Back in his room the other side of the glazed door, Judge Guy Stockdale took off his wig and hung it on its wooden stand. Both wig and stand had belonged to his father, as had the pocket watch in his waistcoat pocket which he carried every day out of a superstitious apprehension that he might make a public fool of himself if he didn't, and the silver pencil with which he made his meticulous notes up there, alone, on the Bench.

    He then took off his robe—purple, claret, and black silk and hung it on the plastic hanger from a nationwide dry cleaning chain that seemed to have replaced the heavy, curved wooden one he had brought in especially for the purpose. Then he removed his black coat and put it over the back of a gray vinyl armchair and sat in the chair, leaning his head in his hands and putting the heels of his hands into his eye sockets.

    "Would you like me to take off my wig?" he'd asked the girl-child witness over the courtroom's video link at ten-thirty that morning. "Would it be easier for you?"

    She'd stared back at him, a clever little foxy face framed in a fake-fur coat collar.

    "I don't mind," she'd said. She hadn't seemed daunted. She hadn't seemed daunted by anything, all that day, except, occasionally, by the miserable intensity of remembering what she had felt, what had happened to her. "You suit yourself."

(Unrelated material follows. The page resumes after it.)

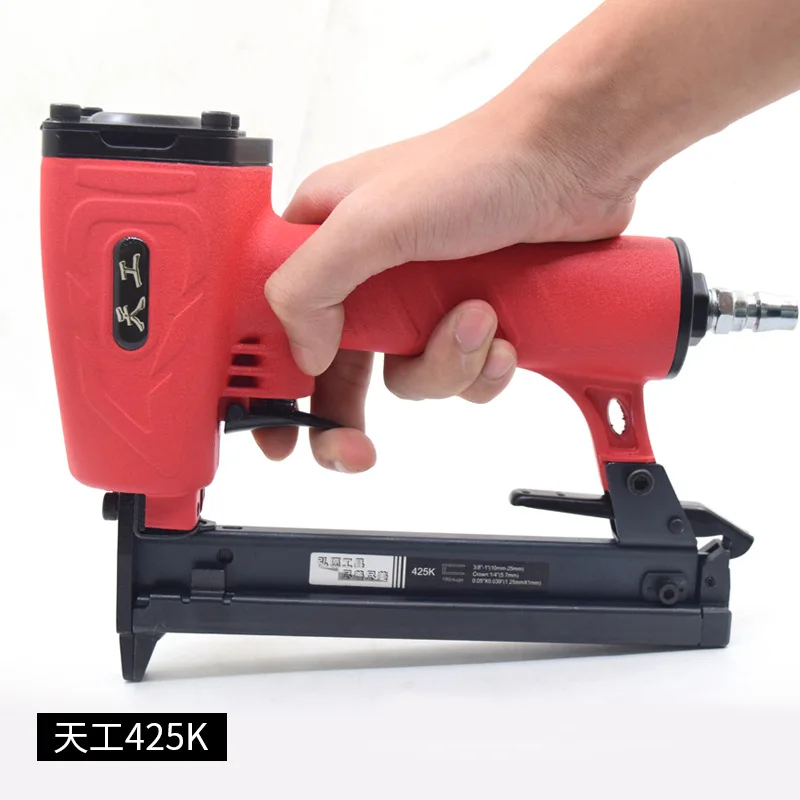 Pistola clavadora de aire 425K, pistola neumática de ratán de Metal tipo U, muebles de poste de aluminio, grapas 410K 413K 416K 418K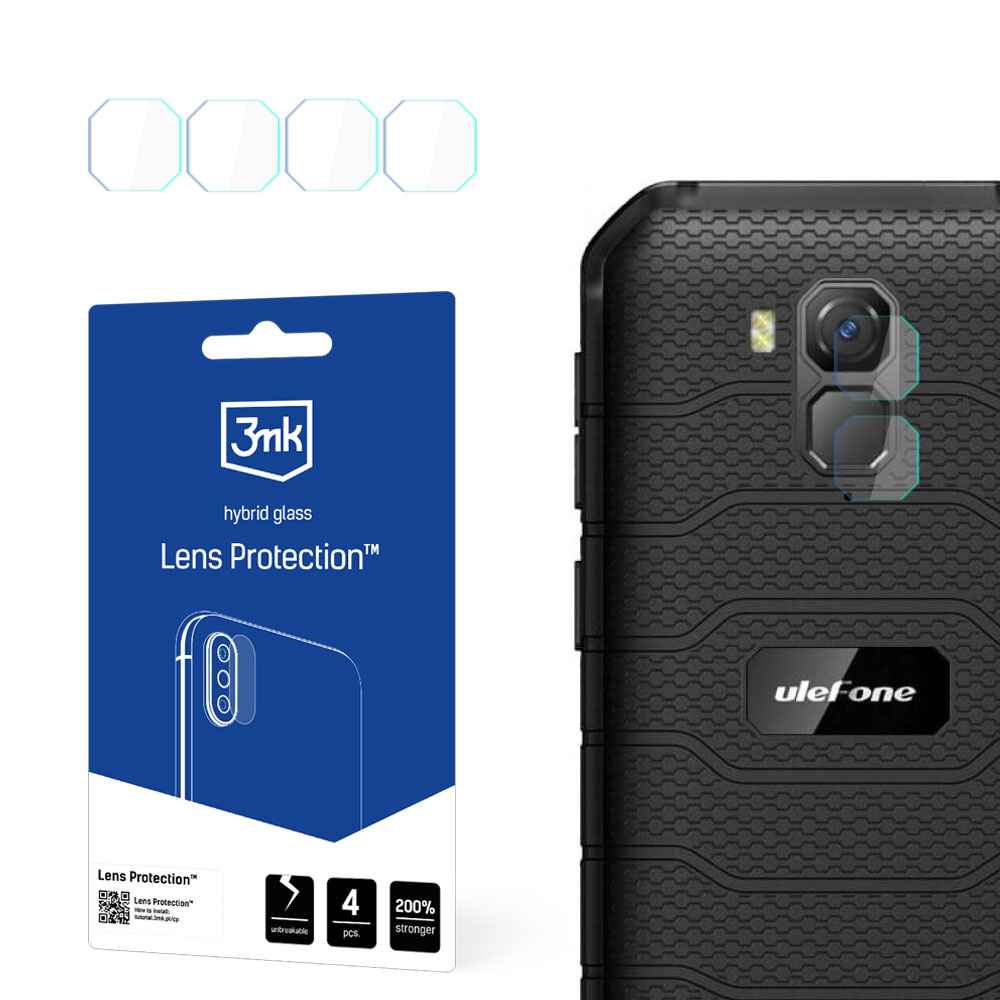 3mk Lens Protection – kameras objektīva aizsargs modelim Ulefone Armor X7 Pro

    Oddly, he had rather wanted to take his wig off. He didn't usually. Usually, he was so conscious of being an upholder of an office and a representative of justice, rather than Guy Stockdale, aged sixty-two, height six foot one, shoe size ten, no need yet—impressively—for spectacles or false teeth, that he was happy to have his wig and gown remove him from the particular to the impersonal. But today had been different. Today had been different because he had come, without particularly intending to, to a point when he had to implement a choice; he couldn't go on just looking at it and thinking about it and laying it carefully to one side to act upon some other day when the light was clear and courage was high. This knowledge had made him look at the girl on the video link not just as an abused child—there were thirteen charges against her stepfather, six of indecent assault, five of unlawful sexual intercourse, two of rape—but as something of a fellow traveler in a world where things you wanted and needed began to conflict badly with the things you already, acceptably, had.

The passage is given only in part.